> **PROBLEM**: Each line of the data below should be repeated exactly.
═══ DATA SECTION
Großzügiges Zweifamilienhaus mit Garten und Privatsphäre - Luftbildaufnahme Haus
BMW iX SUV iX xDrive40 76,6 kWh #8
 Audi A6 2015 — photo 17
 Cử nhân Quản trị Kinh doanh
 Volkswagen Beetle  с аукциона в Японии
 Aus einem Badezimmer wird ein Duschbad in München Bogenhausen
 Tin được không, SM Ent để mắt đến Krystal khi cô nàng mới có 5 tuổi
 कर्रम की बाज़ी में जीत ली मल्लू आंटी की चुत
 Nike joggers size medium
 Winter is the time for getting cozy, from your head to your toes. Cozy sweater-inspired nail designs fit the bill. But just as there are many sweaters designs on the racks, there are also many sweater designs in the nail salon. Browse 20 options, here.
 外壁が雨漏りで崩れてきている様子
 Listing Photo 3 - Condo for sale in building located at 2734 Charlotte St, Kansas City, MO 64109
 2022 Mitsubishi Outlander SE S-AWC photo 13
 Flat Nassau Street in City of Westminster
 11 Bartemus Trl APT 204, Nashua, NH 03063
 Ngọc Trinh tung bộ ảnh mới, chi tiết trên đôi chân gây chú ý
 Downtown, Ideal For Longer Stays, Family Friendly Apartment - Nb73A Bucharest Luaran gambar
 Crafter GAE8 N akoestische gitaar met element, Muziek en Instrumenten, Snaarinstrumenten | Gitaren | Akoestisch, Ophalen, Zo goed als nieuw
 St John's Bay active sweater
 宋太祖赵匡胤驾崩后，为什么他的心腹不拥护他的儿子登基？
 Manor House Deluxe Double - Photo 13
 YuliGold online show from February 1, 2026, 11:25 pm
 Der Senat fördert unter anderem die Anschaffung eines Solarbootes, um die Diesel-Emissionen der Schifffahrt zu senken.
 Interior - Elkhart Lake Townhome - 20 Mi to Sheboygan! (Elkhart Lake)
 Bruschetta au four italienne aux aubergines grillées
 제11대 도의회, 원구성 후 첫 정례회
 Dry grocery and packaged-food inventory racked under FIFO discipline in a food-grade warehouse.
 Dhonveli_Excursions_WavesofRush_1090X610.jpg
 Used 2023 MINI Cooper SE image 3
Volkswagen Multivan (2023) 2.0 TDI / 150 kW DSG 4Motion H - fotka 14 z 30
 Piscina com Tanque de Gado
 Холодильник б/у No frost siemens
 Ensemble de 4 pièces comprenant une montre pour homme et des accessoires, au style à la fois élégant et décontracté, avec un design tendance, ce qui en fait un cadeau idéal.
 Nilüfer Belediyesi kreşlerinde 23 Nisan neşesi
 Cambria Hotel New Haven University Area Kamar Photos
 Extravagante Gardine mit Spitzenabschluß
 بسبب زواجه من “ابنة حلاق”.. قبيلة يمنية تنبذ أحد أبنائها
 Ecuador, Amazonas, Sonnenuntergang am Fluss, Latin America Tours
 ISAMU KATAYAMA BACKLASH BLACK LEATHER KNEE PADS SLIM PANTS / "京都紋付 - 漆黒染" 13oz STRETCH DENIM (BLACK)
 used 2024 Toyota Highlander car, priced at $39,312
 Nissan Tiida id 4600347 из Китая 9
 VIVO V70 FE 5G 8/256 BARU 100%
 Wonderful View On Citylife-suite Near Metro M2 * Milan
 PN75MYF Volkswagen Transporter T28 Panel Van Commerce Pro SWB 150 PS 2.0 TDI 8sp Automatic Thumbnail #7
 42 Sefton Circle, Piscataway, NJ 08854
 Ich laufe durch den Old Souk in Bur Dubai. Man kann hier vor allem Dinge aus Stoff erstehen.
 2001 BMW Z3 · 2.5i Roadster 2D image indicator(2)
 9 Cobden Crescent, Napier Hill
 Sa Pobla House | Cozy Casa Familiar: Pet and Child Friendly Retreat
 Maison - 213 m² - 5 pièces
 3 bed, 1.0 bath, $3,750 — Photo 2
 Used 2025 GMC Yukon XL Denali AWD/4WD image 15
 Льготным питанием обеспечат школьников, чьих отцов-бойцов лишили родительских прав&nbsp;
══════
> **ANSWER SECTION**:
Großzügiges Zweifamilienhaus mit Garten und Privatsphäre - Luftbildaufnahme Haus
BMW iX SUV iX xDrive40 76,6 kWh #8
 Audi A6 2015 — photo 17
 Cử nhân Quản trị Kinh doanh
 Volkswagen Beetle  с аукциона в Японии
 Aus einem Badezimmer wird ein Duschbad in München Bogenhausen
 Tin được không, SM Ent để mắt đến Krystal khi cô nàng mới có 5 tuổi
 कर्रम की बाज़ी में जीत ली मल्लू आंटी की चुत
 Nike joggers size medium
 Winter is the time for getting cozy, from your head to your toes. Cozy sweater-inspired nail designs fit the bill. But just as there are many sweaters designs on the racks, there are also many sweater designs in the nail salon. Browse 20 options, here.
 外壁が雨漏りで崩れてきている様子
 Listing Photo 3 - Condo for sale in building located at 2734 Charlotte St, Kansas City, MO 64109
 2022 Mitsubishi Outlander SE S-AWC photo 13
 Flat Nassau Street in City of Westminster
 11 Bartemus Trl APT 204, Nashua, NH 03063
 Ngọc Trinh tung bộ ảnh mới, chi tiết trên đôi chân gây chú ý
 Downtown, Ideal For Longer Stays, Family Friendly Apartment - Nb73A Bucharest Luaran gambar
 Crafter GAE8 N akoestische gitaar met element, Muziek en Instrumenten, Snaarinstrumenten | Gitaren | Akoestisch, Ophalen, Zo goed als nieuw
 St John's Bay active sweater
 宋太祖赵匡胤驾崩后，为什么他的心腹不拥护他的儿子登基？
 Manor House Deluxe Double - Photo 13
 YuliGold online show from February 1, 2026, 11:25 pm
 Der Senat fördert unter anderem die Anschaffung eines Solarbootes, um die Diesel-Emissionen der Schifffahrt zu senken.
 Interior - Elkhart Lake Townhome - 20 Mi to Sheboygan! (Elkhart Lake)
 Bruschetta au four italienne aux aubergines grillées
 제11대 도의회, 원구성 후 첫 정례회
 Dry grocery and packaged-food inventory racked under FIFO discipline in a food-grade warehouse.
 Dhonveli_Excursions_WavesofRush_1090X610.jpg
 Used 2023 MINI Cooper SE image 3
Volkswagen Multivan (2023) 2.0 TDI / 150 kW DSG 4Motion H - fotka 14 z 30
 Piscina com Tanque de Gado
 Холодильник б/у No frost siemens
 Ensemble de 4 pièces comprenant une montre pour homme et des accessoires, au style à la fois élégant et décontracté, avec un design tendance, ce qui en fait un cadeau idéal.
 Nilüfer Belediyesi kreşlerinde 23 Nisan neşesi
 Cambria Hotel New Haven University Area Kamar Photos
 Extravagante Gardine mit Spitzenabschluß
 بسبب زواجه من “ابنة حلاق”.. قبيلة يمنية تنبذ أحد أبنائها
 Ecuador, Amazonas, Sonnenuntergang am Fluss, Latin America Tours
 ISAMU KATAYAMA BACKLASH BLACK LEATHER KNEE PADS SLIM PANTS / "京都紋付 - 漆黒染" 13oz STRETCH DENIM (BLACK)
 used 2024 Toyota Highlander car, priced at $39,312
 Nissan Tiida id 4600347 из Китая 9
 VIVO V70 FE 5G 8/256 BARU 100%
 Wonderful View On Citylife-suite Near Metro M2 * Milan
 PN75MYF Volkswagen Transporter T28 Panel Van Commerce Pro SWB 150 PS 2.0 TDI 8sp Automatic Thumbnail #7
 42 Sefton Circle, Piscataway, NJ 08854
 Ich laufe durch den Old Souk in Bur Dubai. Man kann hier vor allem Dinge aus Stoff erstehen.
 2001 BMW Z3 · 2.5i Roadster 2D image indicator(2)
 9 Cobden Crescent, Napier Hill
 Sa Pobla House | Cozy Casa Familiar: Pet and Child Friendly Retreat
 Maison - 213 m² - 5 pièces
 3 bed, 1.0 bath, $3,750 — Photo 2
 Used 2025 GMC Yukon XL Denali AWD/4WD image 15
 Льготным питанием обеспечат школьников, чьих отцов-бойцов лишили родительских прав&nbsp;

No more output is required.